Federally insured credit unions with more than $50 million in assets could be subject to additional capital requirements according to a proposed risk-based capital rule from the NCUA board. Those credit unions that have credit concentrations in real estate loans, member business loans, or delinquent loans would be subject to the increased risk-based capital.
According to the proposed rule, credit unions would be required to maintain a risk-based capital ratio of 10.5 percent or above, and pass net worth ratio and risk-based capital ratio requirements to be considered well capitalized. Adequately capitalized credit unions would have to maintain risk-based capital ratios between eight percent and 10.49 percent and pass ratio requirements. Under-capitalized credit unions would fall below eight percent risk-based capital ratio.
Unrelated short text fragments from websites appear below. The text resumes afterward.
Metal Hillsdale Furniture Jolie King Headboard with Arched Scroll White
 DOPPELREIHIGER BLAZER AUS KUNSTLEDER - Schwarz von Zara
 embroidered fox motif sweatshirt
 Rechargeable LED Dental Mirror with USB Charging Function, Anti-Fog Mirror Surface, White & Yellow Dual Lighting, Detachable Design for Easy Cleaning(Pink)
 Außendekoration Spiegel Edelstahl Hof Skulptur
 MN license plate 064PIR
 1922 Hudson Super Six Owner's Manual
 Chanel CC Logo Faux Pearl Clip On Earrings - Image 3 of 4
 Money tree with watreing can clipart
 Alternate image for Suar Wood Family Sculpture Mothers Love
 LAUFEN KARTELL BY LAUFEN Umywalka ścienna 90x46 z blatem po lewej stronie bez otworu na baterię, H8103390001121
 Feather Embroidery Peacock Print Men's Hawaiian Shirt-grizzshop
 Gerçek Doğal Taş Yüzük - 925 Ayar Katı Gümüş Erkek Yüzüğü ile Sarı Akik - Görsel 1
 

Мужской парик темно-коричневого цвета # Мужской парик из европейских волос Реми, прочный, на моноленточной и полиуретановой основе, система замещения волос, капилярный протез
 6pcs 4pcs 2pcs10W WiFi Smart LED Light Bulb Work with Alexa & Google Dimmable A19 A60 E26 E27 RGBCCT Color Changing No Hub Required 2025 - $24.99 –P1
The NCUA estimated that more than 90 percent of affected credit unions — approximately 2,237 institutions — would be in compliance with the proposed rule, based on June 30, 2013 Call Report data. However, 189 credit unions would experience a decline in their PCA classification from well capitalized to adequately capitalized, and 10 well-capitalized credit unions would experience a decline to under-capitalized status.
The proposal has not yet been published in the Federal Register, so a specific comment due date has not been set, however the League will update its comment call on this issue to include the date when it appears in the register. Credit unions are encouraged to submit comments and opinions to the LSCU as soon as possible. The League will be filing a comment letter to NCUA prior to the comment period deadline.